═══ Input data ═══

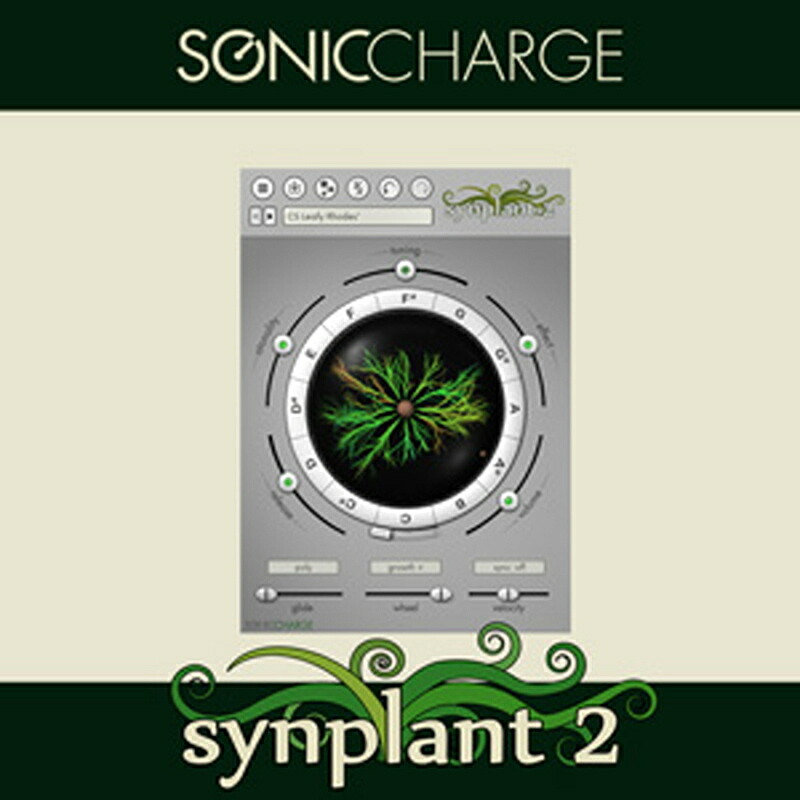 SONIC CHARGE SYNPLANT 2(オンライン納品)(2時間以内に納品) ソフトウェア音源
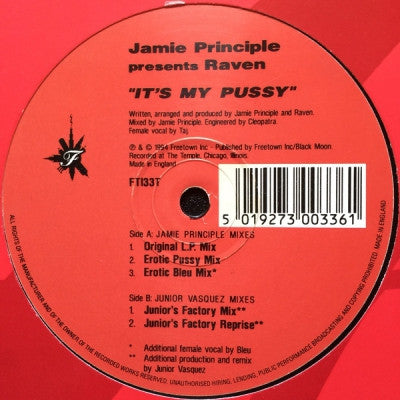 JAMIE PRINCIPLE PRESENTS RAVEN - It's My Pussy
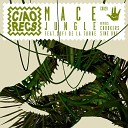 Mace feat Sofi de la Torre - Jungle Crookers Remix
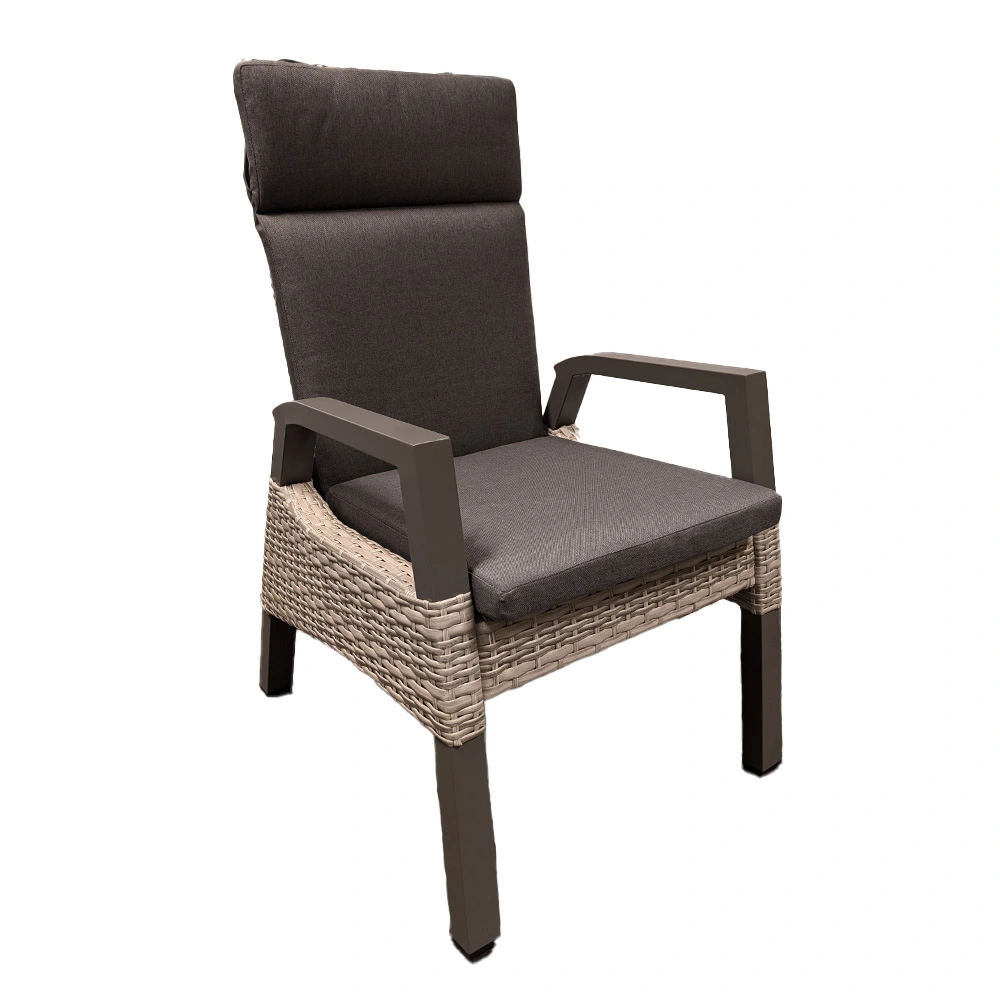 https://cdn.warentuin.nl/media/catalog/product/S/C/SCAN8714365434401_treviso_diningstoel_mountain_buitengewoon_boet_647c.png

═══

> **Exercise prompt**
Please return all of the material above exactly, minus any pictures.

> **Solved exercise**
 SONIC CHARGE SYNPLANT 2(オンライン納品)(2時間以内に納品) ソフトウェア音源
 JAMIE PRINCIPLE PRESENTS RAVEN - It's My Pussy
 Mace feat Sofi de la Torre - Jungle Crookers Remix
 https://cdn.warentuin.nl/media/catalog/product/S/C/SCAN8714365434401_treviso_diningstoel_mountain_buitengewoon_boet_647c.png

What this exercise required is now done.